*What this task involves:* The pictures are to be left out, and all remaining data is to be transcribed exactly as it appears.
━━ Dataset entries
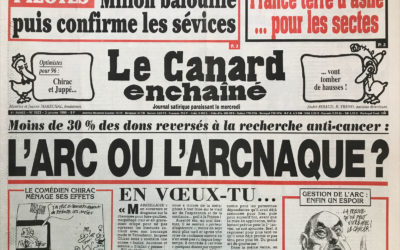 N° 3923 du Canard Enchaîné –  3 Janvier 1996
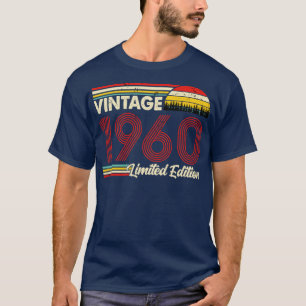 Camiseta Vintage 1960 Birthday Shirt Limited Edition 1960 B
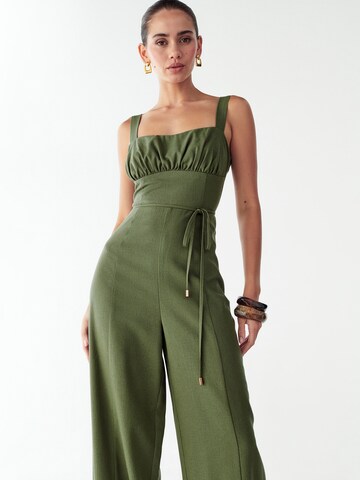 BWLDR Jumpsuit 'Orchid' i grön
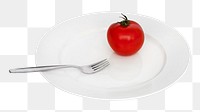 PNG tomato plate collage element, transparent background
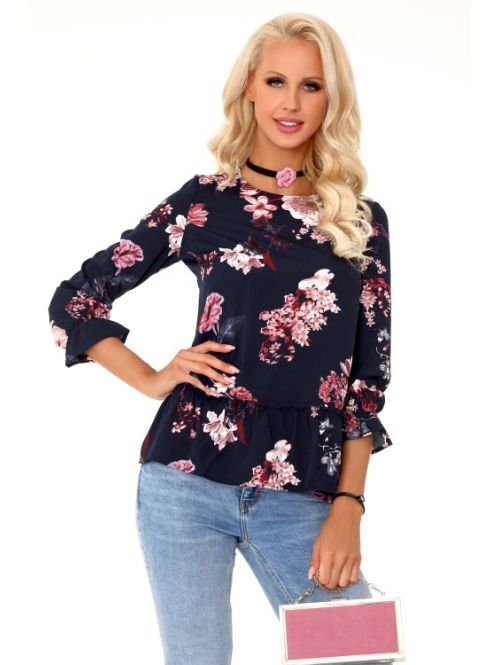 Bluzka Breanna Dark Blue, Kolor: dark blue, Rozmiar: M  sklep ebielizna.pl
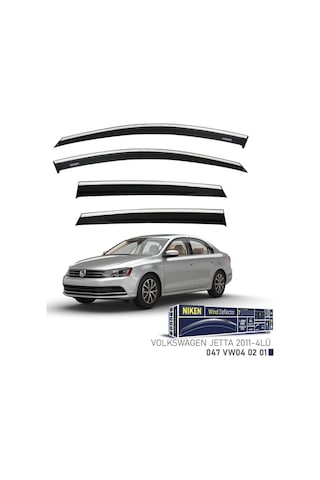 Volkswagen Jetta Niken Kromlu Cam Rüzgarlığı 4lü Set 2011 ve Üstü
━━━━
*Exercise output:*
 N° 3923 du Canard Enchaîné –  3 Janvier 1996
 Camiseta Vintage 1960 Birthday Shirt Limited Edition 1960 B
 BWLDR Jumpsuit 'Orchid' i grön
 PNG tomato plate collage element, transparent background
 Bluzka Breanna Dark Blue, Kolor: dark blue, Rozmiar: M  sklep ebielizna.pl
 Volkswagen Jetta Niken Kromlu Cam Rüzgarlığı 4lü Set 2011 ve Üstü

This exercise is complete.